* **Task objective**
The records below are to be reproduced word for word.
--*--
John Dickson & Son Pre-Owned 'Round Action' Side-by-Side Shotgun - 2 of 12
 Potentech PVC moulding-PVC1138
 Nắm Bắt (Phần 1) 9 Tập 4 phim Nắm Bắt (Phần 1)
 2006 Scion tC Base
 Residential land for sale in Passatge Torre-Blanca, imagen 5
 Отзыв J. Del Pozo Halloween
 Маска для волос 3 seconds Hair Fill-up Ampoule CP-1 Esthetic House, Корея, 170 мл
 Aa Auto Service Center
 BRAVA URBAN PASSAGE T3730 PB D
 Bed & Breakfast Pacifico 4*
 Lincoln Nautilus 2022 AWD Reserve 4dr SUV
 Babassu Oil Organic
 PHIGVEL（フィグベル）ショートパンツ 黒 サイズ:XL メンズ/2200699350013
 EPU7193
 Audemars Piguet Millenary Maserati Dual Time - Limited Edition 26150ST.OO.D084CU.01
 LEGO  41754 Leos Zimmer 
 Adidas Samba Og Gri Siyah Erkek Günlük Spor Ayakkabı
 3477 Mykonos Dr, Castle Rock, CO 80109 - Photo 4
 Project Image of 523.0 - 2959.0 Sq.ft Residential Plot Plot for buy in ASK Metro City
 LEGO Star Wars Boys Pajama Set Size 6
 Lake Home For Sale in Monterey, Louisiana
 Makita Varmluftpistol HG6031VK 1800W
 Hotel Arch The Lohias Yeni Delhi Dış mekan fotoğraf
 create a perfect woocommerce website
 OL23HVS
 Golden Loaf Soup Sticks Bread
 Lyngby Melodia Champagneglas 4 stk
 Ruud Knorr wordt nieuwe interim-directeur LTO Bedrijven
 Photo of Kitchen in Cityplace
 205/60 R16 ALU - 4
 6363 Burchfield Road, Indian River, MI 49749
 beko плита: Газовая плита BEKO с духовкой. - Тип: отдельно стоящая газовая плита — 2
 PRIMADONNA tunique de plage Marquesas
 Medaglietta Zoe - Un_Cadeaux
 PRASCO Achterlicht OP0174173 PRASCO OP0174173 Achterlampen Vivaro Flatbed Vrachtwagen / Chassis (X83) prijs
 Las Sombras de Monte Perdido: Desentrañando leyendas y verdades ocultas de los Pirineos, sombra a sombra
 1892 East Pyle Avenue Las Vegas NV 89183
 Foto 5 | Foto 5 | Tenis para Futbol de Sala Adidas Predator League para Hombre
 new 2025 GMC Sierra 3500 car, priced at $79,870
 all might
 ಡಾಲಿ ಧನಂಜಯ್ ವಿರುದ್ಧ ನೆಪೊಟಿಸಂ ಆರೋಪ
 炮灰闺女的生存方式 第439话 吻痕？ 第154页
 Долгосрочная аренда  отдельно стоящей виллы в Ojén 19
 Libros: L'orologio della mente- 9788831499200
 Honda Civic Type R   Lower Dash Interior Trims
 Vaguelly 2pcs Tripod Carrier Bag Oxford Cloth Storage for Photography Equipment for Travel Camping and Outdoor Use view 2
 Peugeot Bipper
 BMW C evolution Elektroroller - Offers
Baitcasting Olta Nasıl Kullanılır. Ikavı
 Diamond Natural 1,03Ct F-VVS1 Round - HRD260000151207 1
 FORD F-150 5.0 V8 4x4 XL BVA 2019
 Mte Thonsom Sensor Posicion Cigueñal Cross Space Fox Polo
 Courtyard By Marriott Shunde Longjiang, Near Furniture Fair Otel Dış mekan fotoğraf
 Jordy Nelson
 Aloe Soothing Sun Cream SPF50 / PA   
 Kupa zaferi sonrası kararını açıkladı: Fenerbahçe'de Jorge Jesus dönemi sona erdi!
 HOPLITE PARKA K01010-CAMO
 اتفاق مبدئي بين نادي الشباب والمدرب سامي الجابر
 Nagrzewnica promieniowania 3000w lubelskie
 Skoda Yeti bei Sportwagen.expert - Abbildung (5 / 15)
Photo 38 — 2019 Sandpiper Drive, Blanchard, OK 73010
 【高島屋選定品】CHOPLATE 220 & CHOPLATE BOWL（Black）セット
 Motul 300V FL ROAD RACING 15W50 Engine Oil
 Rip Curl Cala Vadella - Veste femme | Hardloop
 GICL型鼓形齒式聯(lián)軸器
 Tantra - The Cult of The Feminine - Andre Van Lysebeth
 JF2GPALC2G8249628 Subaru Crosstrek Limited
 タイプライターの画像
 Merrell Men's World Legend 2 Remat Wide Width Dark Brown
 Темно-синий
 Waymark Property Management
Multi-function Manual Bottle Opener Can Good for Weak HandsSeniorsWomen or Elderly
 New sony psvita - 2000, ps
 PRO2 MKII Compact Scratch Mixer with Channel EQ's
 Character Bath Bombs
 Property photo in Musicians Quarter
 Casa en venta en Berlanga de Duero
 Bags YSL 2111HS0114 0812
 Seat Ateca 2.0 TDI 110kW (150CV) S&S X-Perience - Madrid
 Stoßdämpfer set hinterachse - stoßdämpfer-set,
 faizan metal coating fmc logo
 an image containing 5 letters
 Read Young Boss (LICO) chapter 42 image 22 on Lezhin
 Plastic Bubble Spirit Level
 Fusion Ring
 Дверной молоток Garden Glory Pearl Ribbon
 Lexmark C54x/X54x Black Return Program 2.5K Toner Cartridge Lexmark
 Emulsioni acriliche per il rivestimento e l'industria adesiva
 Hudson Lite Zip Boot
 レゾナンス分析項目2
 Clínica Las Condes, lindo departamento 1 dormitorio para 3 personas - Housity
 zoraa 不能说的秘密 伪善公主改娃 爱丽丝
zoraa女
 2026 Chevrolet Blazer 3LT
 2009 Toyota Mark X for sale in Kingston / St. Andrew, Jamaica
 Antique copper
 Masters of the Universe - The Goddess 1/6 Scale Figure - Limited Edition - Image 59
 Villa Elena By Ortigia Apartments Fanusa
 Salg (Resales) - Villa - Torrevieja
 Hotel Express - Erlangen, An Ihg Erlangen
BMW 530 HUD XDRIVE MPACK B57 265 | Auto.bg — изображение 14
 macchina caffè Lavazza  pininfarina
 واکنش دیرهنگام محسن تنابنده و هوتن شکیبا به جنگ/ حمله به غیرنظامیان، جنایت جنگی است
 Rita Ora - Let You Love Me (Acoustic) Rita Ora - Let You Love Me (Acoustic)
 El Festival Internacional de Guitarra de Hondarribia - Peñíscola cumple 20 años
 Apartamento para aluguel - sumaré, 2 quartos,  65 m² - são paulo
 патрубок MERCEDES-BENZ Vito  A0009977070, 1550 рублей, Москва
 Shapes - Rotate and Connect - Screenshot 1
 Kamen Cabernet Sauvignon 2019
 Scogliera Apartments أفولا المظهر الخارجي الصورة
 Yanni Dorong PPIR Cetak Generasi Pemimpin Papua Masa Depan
--*--
* **Output below**
John Dickson & Son Pre-Owned 'Round Action' Side-by-Side Shotgun - 2 of 12
 Potentech PVC moulding-PVC1138
 Nắm Bắt (Phần 1) 9 Tập 4 phim Nắm Bắt (Phần 1)
 2006 Scion tC Base
 Residential land for sale in Passatge Torre-Blanca, imagen 5
 Отзыв J. Del Pozo Halloween
 Маска для волос 3 seconds Hair Fill-up Ampoule CP-1 Esthetic House, Корея, 170 мл
 Aa Auto Service Center
 BRAVA URBAN PASSAGE T3730 PB D
 Bed & Breakfast Pacifico 4*
 Lincoln Nautilus 2022 AWD Reserve 4dr SUV
 Babassu Oil Organic
 PHIGVEL（フィグベル）ショートパンツ 黒 サイズ:XL メンズ/2200699350013
 EPU7193
 Audemars Piguet Millenary Maserati Dual Time - Limited Edition 26150ST.OO.D084CU.01
 LEGO  41754 Leos Zimmer 
 Adidas Samba Og Gri Siyah Erkek Günlük Spor Ayakkabı
 3477 Mykonos Dr, Castle Rock, CO 80109 - Photo 4
 Project Image of 523.0 - 2959.0 Sq.ft Residential Plot Plot for buy in ASK Metro City
 LEGO Star Wars Boys Pajama Set Size 6
 Lake Home For Sale in Monterey, Louisiana
 Makita Varmluftpistol HG6031VK 1800W
 Hotel Arch The Lohias Yeni Delhi Dış mekan fotoğraf
 create a perfect woocommerce website
 OL23HVS
 Golden Loaf Soup Sticks Bread
 Lyngby Melodia Champagneglas 4 stk
 Ruud Knorr wordt nieuwe interim-directeur LTO Bedrijven
 Photo of Kitchen in Cityplace
 205/60 R16 ALU - 4
 6363 Burchfield Road, Indian River, MI 49749
 beko плита: Газовая плита BEKO с духовкой. - Тип: отдельно стоящая газовая плита — 2
 PRIMADONNA tunique de plage Marquesas
 Medaglietta Zoe - Un_Cadeaux
 PRASCO Achterlicht OP0174173 PRASCO OP0174173 Achterlampen Vivaro Flatbed Vrachtwagen / Chassis (X83) prijs
 Las Sombras de Monte Perdido: Desentrañando leyendas y verdades ocultas de los Pirineos, sombra a sombra
 1892 East Pyle Avenue Las Vegas NV 89183
 Foto 5 | Foto 5 | Tenis para Futbol de Sala Adidas Predator League para Hombre
 new 2025 GMC Sierra 3500 car, priced at $79,870
 all might
 ಡಾಲಿ ಧನಂಜಯ್ ವಿರುದ್ಧ ನೆಪೊಟಿಸಂ ಆರೋಪ
 炮灰闺女的生存方式 第439话 吻痕？ 第154页
 Долгосрочная аренда  отдельно стоящей виллы в Ojén 19
 Libros: L'orologio della mente- 9788831499200
 Honda Civic Type R   Lower Dash Interior Trims
 Vaguelly 2pcs Tripod Carrier Bag Oxford Cloth Storage for Photography Equipment for Travel Camping and Outdoor Use view 2
 Peugeot Bipper
 BMW C evolution Elektroroller - Offers
Baitcasting Olta Nasıl Kullanılır. Ikavı
 Diamond Natural 1,03Ct F-VVS1 Round - HRD260000151207 1
 FORD F-150 5.0 V8 4x4 XL BVA 2019
 Mte Thonsom Sensor Posicion Cigueñal Cross Space Fox Polo
 Courtyard By Marriott Shunde Longjiang, Near Furniture Fair Otel Dış mekan fotoğraf
 Jordy Nelson
 Aloe Soothing Sun Cream SPF50 / PA   
 Kupa zaferi sonrası kararını açıkladı: Fenerbahçe'de Jorge Jesus dönemi sona erdi!
 HOPLITE PARKA K01010-CAMO
 اتفاق مبدئي بين نادي الشباب والمدرب سامي الجابر
 Nagrzewnica promieniowania 3000w lubelskie
 Skoda Yeti bei Sportwagen.expert - Abbildung (5 / 15)
Photo 38 — 2019 Sandpiper Drive, Blanchard, OK 73010
 【高島屋選定品】CHOPLATE 220 & CHOPLATE BOWL（Black）セット
 Motul 300V FL ROAD RACING 15W50 Engine Oil
 Rip Curl Cala Vadella - Veste femme | Hardloop
 GICL型鼓形齒式聯(lián)軸器
 Tantra - The Cult of The Feminine - Andre Van Lysebeth
 JF2GPALC2G8249628 Subaru Crosstrek Limited
 タイプライターの画像
 Merrell Men's World Legend 2 Remat Wide Width Dark Brown
 Темно-синий
 Waymark Property Management
Multi-function Manual Bottle Opener Can Good for Weak HandsSeniorsWomen or Elderly
 New sony psvita - 2000, ps
 PRO2 MKII Compact Scratch Mixer with Channel EQ's
 Character Bath Bombs
 Property photo in Musicians Quarter
 Casa en venta en Berlanga de Duero
 Bags YSL 2111HS0114 0812
 Seat Ateca 2.0 TDI 110kW (150CV) S&S X-Perience - Madrid
 Stoßdämpfer set hinterachse - stoßdämpfer-set,
 faizan metal coating fmc logo
 an image containing 5 letters
 Read Young Boss (LICO) chapter 42 image 22 on Lezhin
 Plastic Bubble Spirit Level
 Fusion Ring
 Дверной молоток Garden Glory Pearl Ribbon
 Lexmark C54x/X54x Black Return Program 2.5K Toner Cartridge Lexmark
 Emulsioni acriliche per il rivestimento e l'industria adesiva
 Hudson Lite Zip Boot
 レゾナンス分析項目2
 Clínica Las Condes, lindo departamento 1 dormitorio para 3 personas - Housity
 zoraa 不能说的秘密 伪善公主改娃 爱丽丝
zoraa女
 2026 Chevrolet Blazer 3LT
 2009 Toyota Mark X for sale in Kingston / St. Andrew, Jamaica
 Antique copper
 Masters of the Universe - The Goddess 1/6 Scale Figure - Limited Edition - Image 59
 Villa Elena By Ortigia Apartments Fanusa
 Salg (Resales) - Villa - Torrevieja
 Hotel Express - Erlangen, An Ihg Erlangen
BMW 530 HUD XDRIVE MPACK B57 265 | Auto.bg — изображение 14
 macchina caffè Lavazza  pininfarina
 واکنش دیرهنگام محسن تنابنده و هوتن شکیبا به جنگ/ حمله به غیرنظامیان، جنایت جنگی است
 Rita Ora - Let You Love Me (Acoustic) Rita Ora - Let You Love Me (Acoustic)
 El Festival Internacional de Guitarra de Hondarribia - Peñíscola cumple 20 años
 Apartamento para aluguel - sumaré, 2 quartos,  65 m² - são paulo
 патрубок MERCEDES-BENZ Vito  A0009977070, 1550 рублей, Москва
 Shapes - Rotate and Connect - Screenshot 1
 Kamen Cabernet Sauvignon 2019
 Scogliera Apartments أفولا المظهر الخارجي الصورة
 Yanni Dorong PPIR Cetak Generasi Pemimpin Papua Masa Depan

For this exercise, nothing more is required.